• ASSIGNMENT
Only the text of the entries below should be returned, exactly as given, without pictures.

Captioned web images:
▼
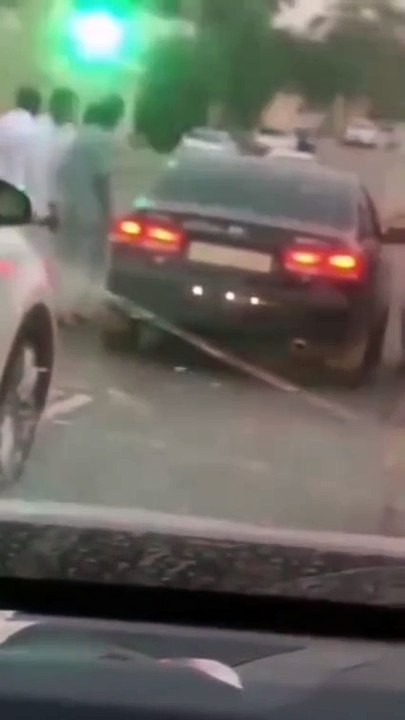بالفيديو قبل الافطار بلحظات مضاربة عنيفة باحدى شوارع الرياض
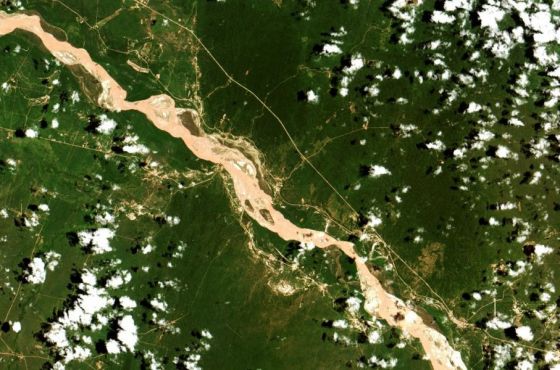 Las autoridades de Bolivia informaron que la contaminación no habría alcanzado al Pilcomayo
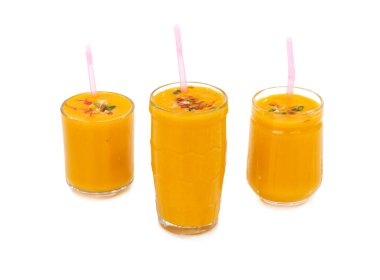 Beyaz arka planda izole edilmiş taze mango meyve suyu.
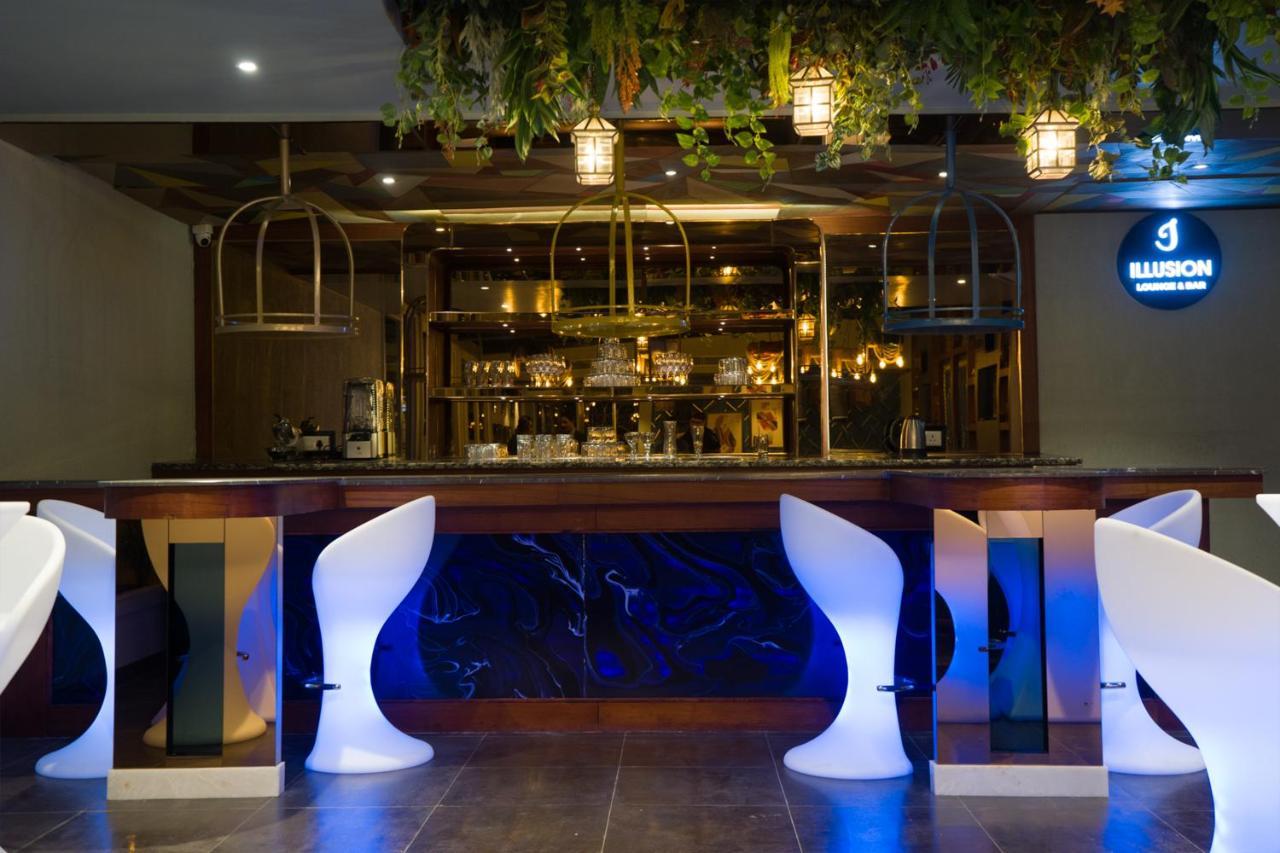 Clarks Inn Suites Kangra Εξωτερικό φωτογραφία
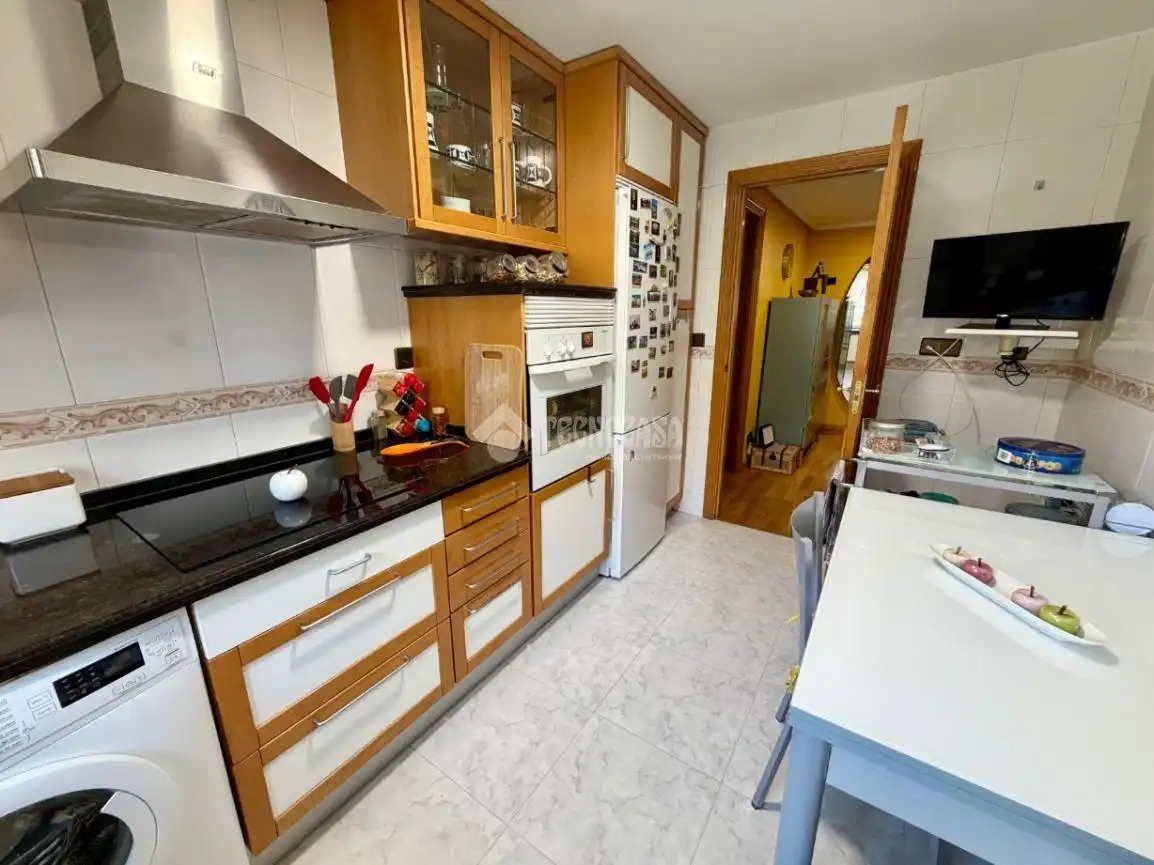 Kitchen of Flat for sale in León Capital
▲
• WRITTEN SOLUTION
بالفيديو قبل الافطار بلحظات مضاربة عنيفة باحدى شوارع الرياض
 Las autoridades de Bolivia informaron que la contaminación no habría alcanzado al Pilcomayo
 Beyaz arka planda izole edilmiş taze mango meyve suyu.
 Clarks Inn Suites Kangra Εξωτερικό φωτογραφία
 Kitchen of Flat for sale in León Capital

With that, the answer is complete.